The IPCC’s most recent report, on the physical basis of climate change, which was released in August 2021, found that climate change is widespread, rapid, and intensifying, with UN Secretary-General Antonio Guterres calling it a ‘code red for humanity.’ The report, helmed by the world’s leading climate scientists, reflects more clearly than ever before the causal links between human activity, climate change, and extreme weather events.

The report warns that while the pathway is extremely narrow, rapid reductions in CO2 and other greenhouse gas pollutants could still enable us to limit warming to 1.5°C and thereby avoid the most catastrophic impacts of climate change.


After years of negotiations facilitated by the UNFCCC, including the Kyoto Protocol in 1997 and the Copenhagen Accord in 2009, a breakthrough was achieved with the Paris Agreement in 2015.

The agreement charted a new course in global climate efforts by bringing all nations together for the first time under a common framework to combat climate change. The agreement’s central aim is to keep the global temperature rise well below 2°C above pre-industrial levels while pursuing efforts to limit the increase to 1.5°C.

The agreement is based on national action plans, called Nationally Determined Contributions (NDCs), which are to be strengthened over time every five years starting in 2020. To help developing countries address the impacts of climate change, the agreement also reaffirms a commitment to mobilize $100 billion each year from public and private sources.


Despite the adoption of the Paris Agreement, given the enormity of the task of putting the world on a low-GHG emissions trajectory, progress has been slow.
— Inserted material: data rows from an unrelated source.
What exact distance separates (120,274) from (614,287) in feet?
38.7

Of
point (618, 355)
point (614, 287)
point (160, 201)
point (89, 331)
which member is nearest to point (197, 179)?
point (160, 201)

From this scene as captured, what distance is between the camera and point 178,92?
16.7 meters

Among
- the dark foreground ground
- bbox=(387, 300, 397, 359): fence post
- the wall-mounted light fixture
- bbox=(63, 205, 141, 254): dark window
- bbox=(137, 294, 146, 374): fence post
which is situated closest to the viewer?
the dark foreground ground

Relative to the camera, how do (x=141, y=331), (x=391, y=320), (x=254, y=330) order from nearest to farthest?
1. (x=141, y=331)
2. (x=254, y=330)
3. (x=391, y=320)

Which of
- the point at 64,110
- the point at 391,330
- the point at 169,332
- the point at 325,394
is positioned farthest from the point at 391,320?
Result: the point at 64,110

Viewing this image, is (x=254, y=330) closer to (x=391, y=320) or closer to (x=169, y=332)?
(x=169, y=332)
Each of the past five years were the hottest on record, and recent reports have found that global emissions continue to rise, even in light of the slowdown of the global economy due to COVID-19.
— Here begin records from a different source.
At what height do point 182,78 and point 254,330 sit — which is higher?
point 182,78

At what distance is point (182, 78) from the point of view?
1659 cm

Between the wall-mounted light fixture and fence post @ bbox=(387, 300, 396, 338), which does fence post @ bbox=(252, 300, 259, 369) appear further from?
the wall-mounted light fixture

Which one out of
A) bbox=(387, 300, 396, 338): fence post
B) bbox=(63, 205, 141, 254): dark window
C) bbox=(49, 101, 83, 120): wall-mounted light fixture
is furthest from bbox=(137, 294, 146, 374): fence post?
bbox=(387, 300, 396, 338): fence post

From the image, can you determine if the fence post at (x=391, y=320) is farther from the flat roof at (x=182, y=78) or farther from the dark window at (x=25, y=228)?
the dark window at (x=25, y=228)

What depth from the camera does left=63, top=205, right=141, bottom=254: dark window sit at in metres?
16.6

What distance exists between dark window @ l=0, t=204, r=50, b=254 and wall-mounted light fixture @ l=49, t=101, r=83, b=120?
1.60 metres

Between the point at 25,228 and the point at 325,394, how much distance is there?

UK Prime Minister Boris Johnson, U.S. President Joe Biden, and UN Secretary-General António Guterres gather during COP26

Progress was severely impeded for several years when the previous administration withdrew from the agreement in June 2017–a forfeiture of global leadership that undermined efforts to stave off the worst effects of climate change. Within weeks of taking office in 2021, however, President Biden rejoined the Paris Agreement, announced a raft of ambitious climate actions, and called on world leaders to join him for a Leaders’ Climate Summit on Earth Day–April 21–to work on getting the world on track to meet countries’ climate commitments.

After a year-long delay due to the COVID-19 pandemic, world leaders, the private sector, and activists gathered for COP26 in Glasgow in November 2021 to take stock of progress, finalize the rules of the Paris Agreement, and chart a path forward. While leaders made some tangible progress, significant gaps remain, especially in the ambition and implementation of the pledges countries put forward. To keep temperatures from rising above 1.5°C, developed country emissions will need to continue to decrease rapidly, while emerging and developing countries such as China and India will need their emissions to quickly peak and then also similarly plummet. Unfortunately, that is still not the most likely scenario, and much more work will need to be done to ensure that national actions match international promises.

On the domestic front in the United States, President Biden established a new goal of reducing the country’s emissions by half by 2030 from a 2005 baseline. That ambitious goal is seen by experts as achievable with the right mix of climate regulation and legislation–assuming they can be passed and executed rapidly.